Similar outbreaks of violence have been happening, below the national and global news radar, in towns and cities across Virginia.

In Fredericks­burg, the boyhood home of George Washington, there was an attempted firebombin­g of the police station. Officers deployed tear gas, and there was a standoff.

Virginia Beach, a holiday resort, saw 50 businesses attacked, rubbish bins set on fire, and police using tear gas. In Virginia’s capital, Richmond, a statue of Robert E Lee, the Confederat­e general, has been ordered removed by the Democrat governor after becoming a focal point for protest.

Asked if there was a growing “silent majority” for Mr Trump, one Manassas resident said: “Yes. The Left are saying the same thing, that the black community is the silent majority for the Democrats and going to vote in numbers. But I predict the Trump silent majority is bigger.

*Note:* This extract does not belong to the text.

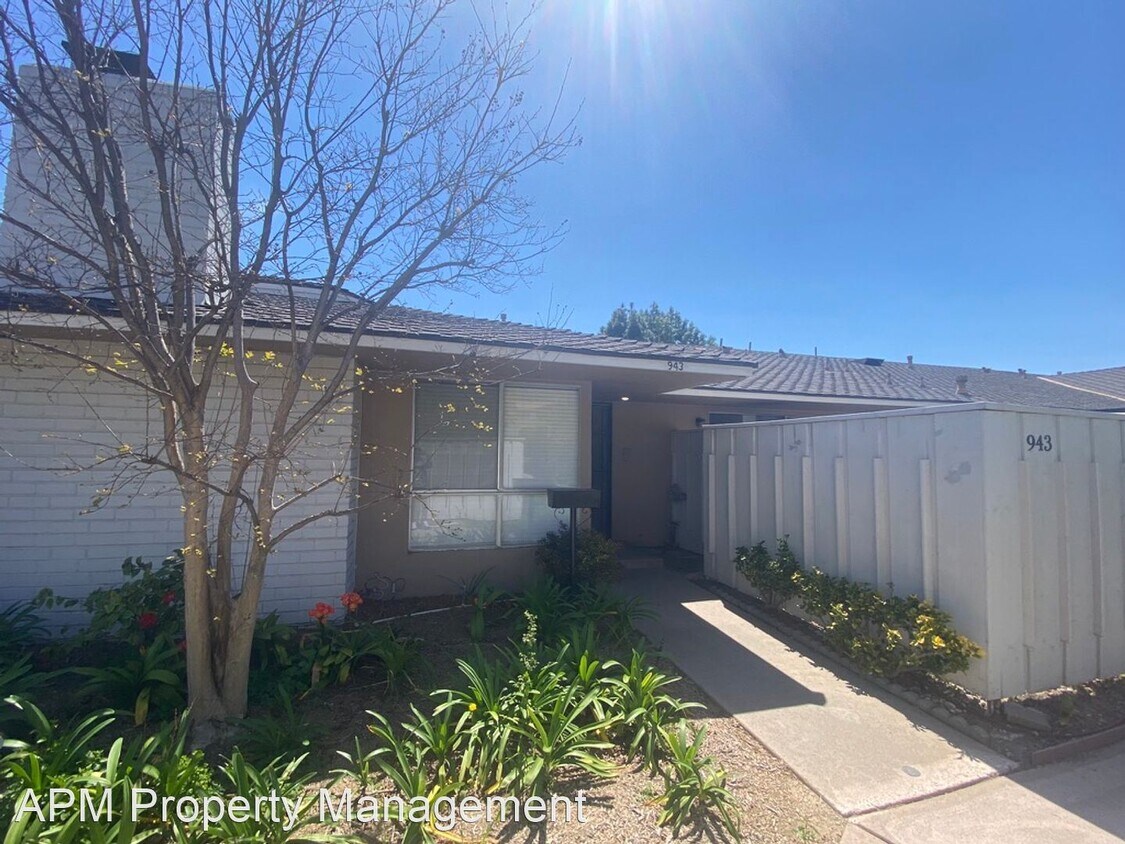2 br, 2 bath House 943 Glencliff Street House Rental in La Habra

“I think Trump’s base is growing. People say, ‘Oh the protests are peaceful.’ They say that, until they’re at your front door stealing your stuff.

“The media claims Joe Biden is the leader in polls, but it’s just playing the same card as last time. Lie, lie lie.”

Mr Trump has his eye on Virginia, after losing by only five points to Hillary Clinton in 2016. Mrs Clinton had a Virginian senator, Tim Kaine, as her running mate.

The state was Democrat in 1964, but voted for Nixon’s law and order platform in 1968 and 1972.

As both parties’ strategist­s assess whether Mr Trump will be able to capitalise on the recent chaos the work of a Princeton professor has come to the fore, and suggests he can.

Prof Omar Wasow researched 137 protests that followed the assassinat­ion of Martin Luther King Jr in April 1968. He found that counties near where protests had turned violent swung by six to eight percentage points to Nixon. “There are people [moderate Democrats] who are turned off by Trump, but who have a strong taste for order,” he said.

However, Larry Sabato, director of the Centre for Politics at the University of Virginia, said the Nixonian “silent majority” was no longer there for Mr Trump to reach.

“There’s been a tremendous diversific­ation of the electorate since Nixon,” he said. “Back then, whites were 85 to 88 per cent of the voting population. Today, it’s 70 per cent.

“Trump’s not going to win over any Democrats like this. I just don’t think it will work.

“And Nixon wasn’t the incumbent. He was running against a Democrat administra­tion that had failed. Trump can’t blame Biden for the problems.”

However, Mr Trump’s campaign remains convinced there are millions of middle and working class Americans who did not vote in 2016, but might be persuaded this time.